▶ _Directions for this task_
Could you repeat the entries below exactly, but only from the line with "BW 80 Gel Polish 7ml. Kodi Professional" through the line with "Brightly 2 bedrooms", and without any picture?

▶ _Records provided_

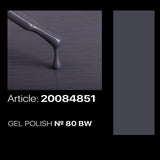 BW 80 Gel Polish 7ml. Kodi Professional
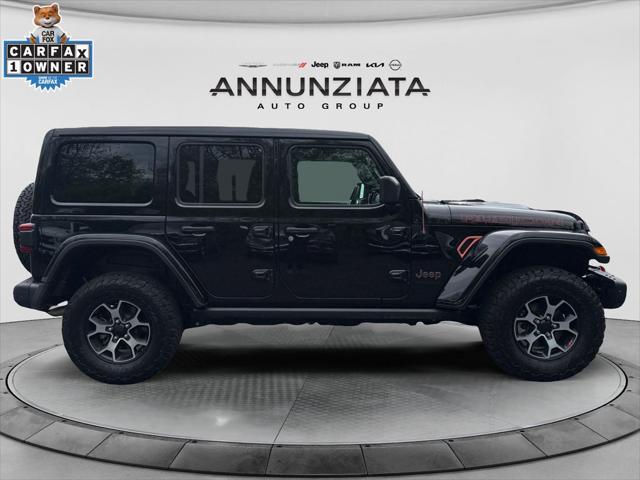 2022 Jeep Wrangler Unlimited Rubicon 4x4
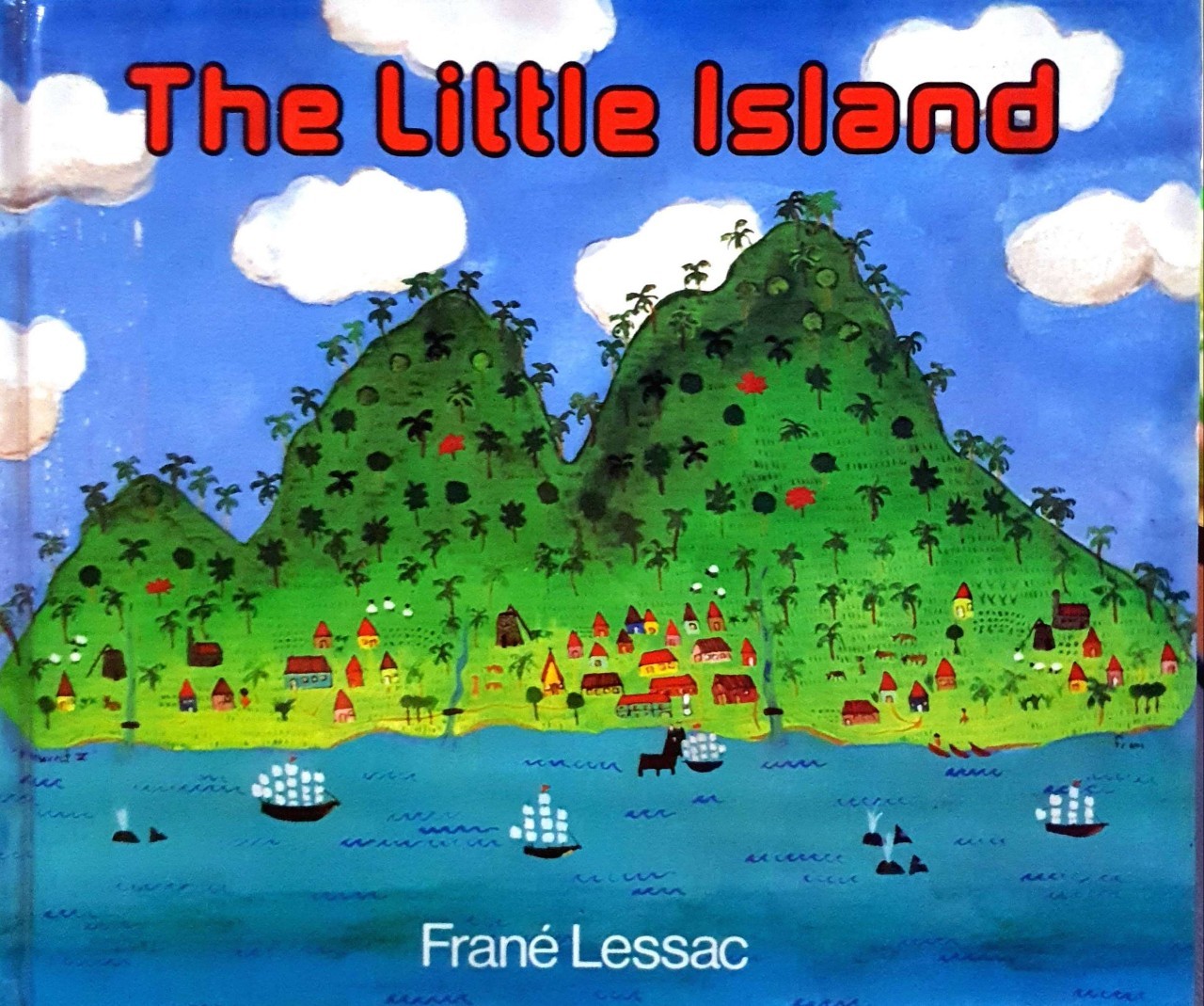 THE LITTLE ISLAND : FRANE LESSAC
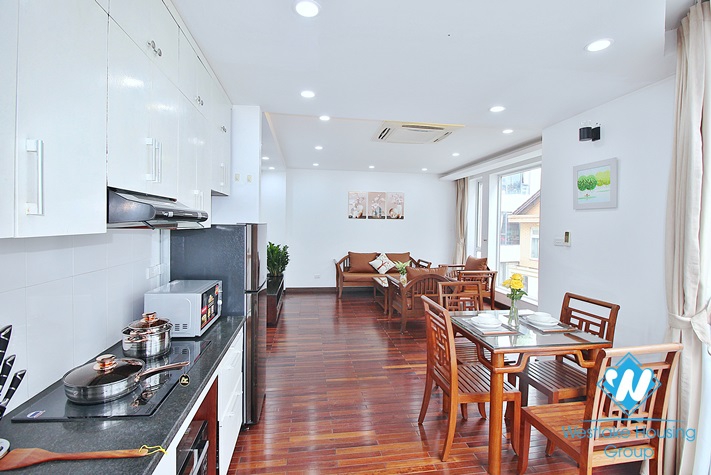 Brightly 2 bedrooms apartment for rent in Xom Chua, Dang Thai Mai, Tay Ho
...
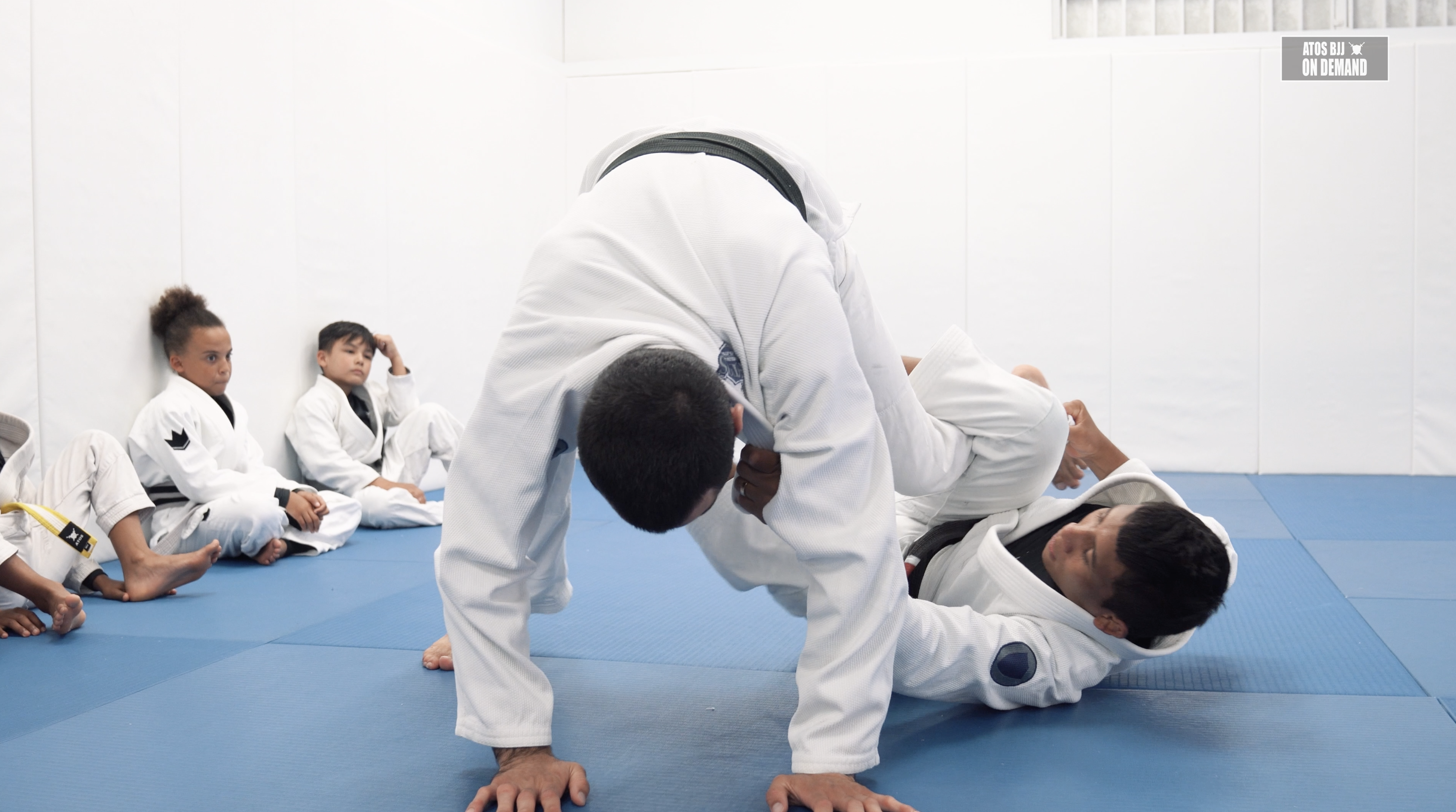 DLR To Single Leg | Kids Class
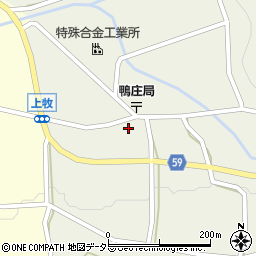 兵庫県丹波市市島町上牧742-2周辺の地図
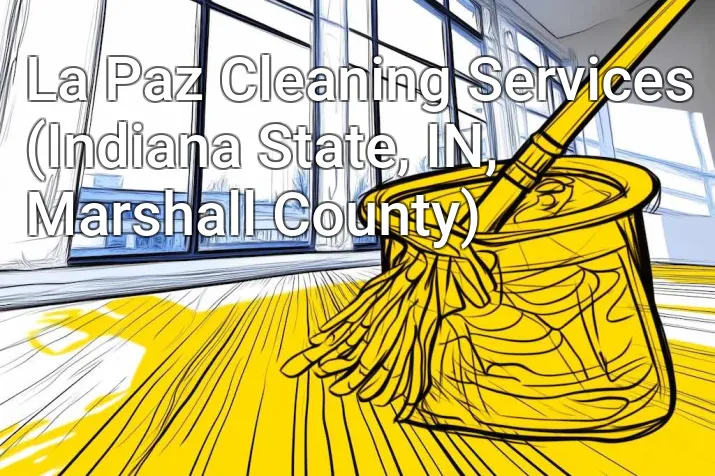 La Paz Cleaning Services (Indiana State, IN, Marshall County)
---
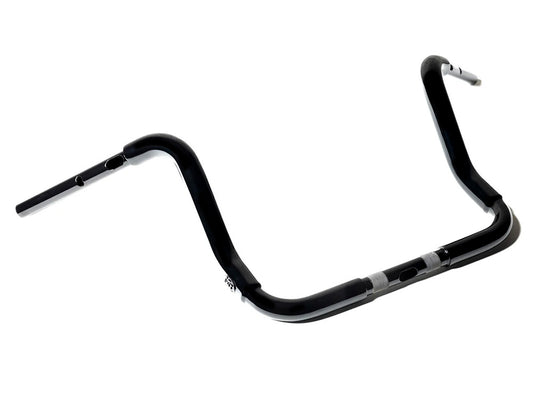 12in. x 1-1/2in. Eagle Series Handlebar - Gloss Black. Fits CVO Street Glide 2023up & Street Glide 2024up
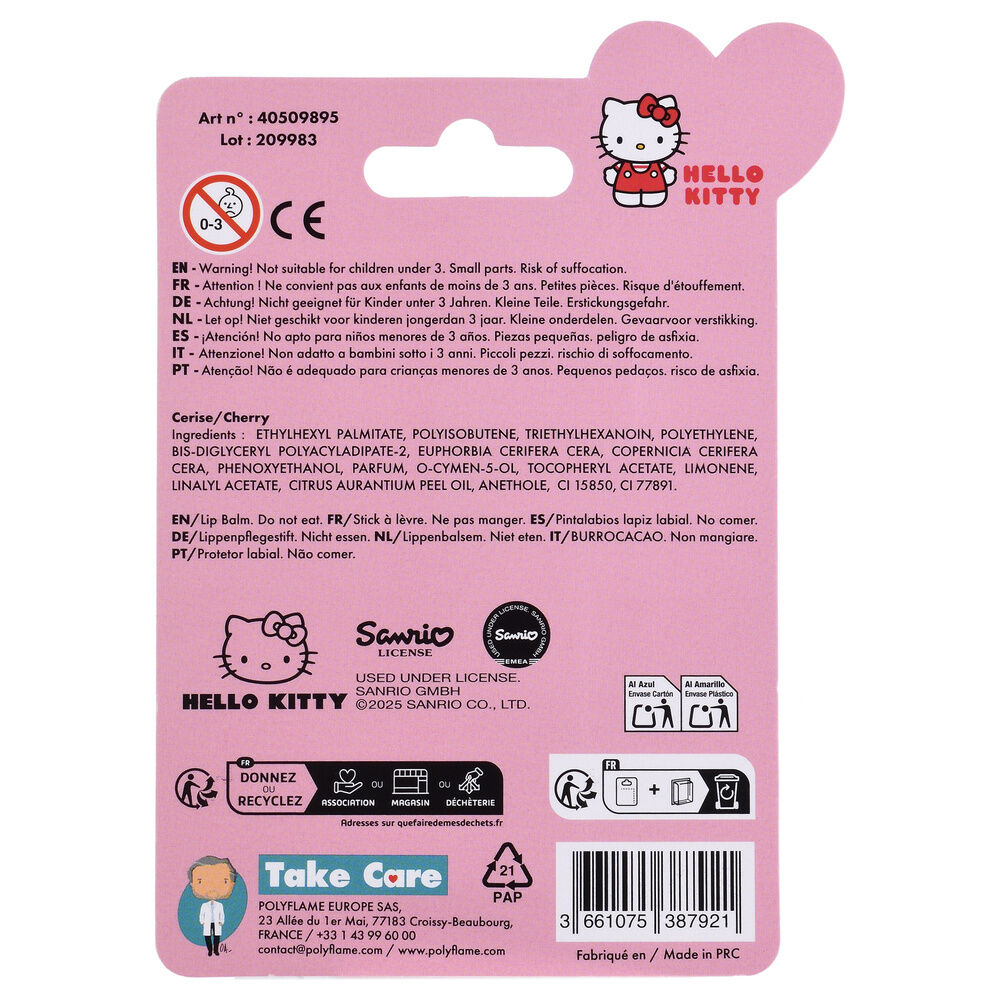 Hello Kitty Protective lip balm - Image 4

▶ _Result of the task_
 BW 80 Gel Polish 7ml. Kodi Professional
 2022 Jeep Wrangler Unlimited Rubicon 4x4
 THE LITTLE ISLAND : FRANE LESSAC
 Brightly 2 bedrooms apartment for rent in Xom Chua, Dang Thai Mai, Tay Ho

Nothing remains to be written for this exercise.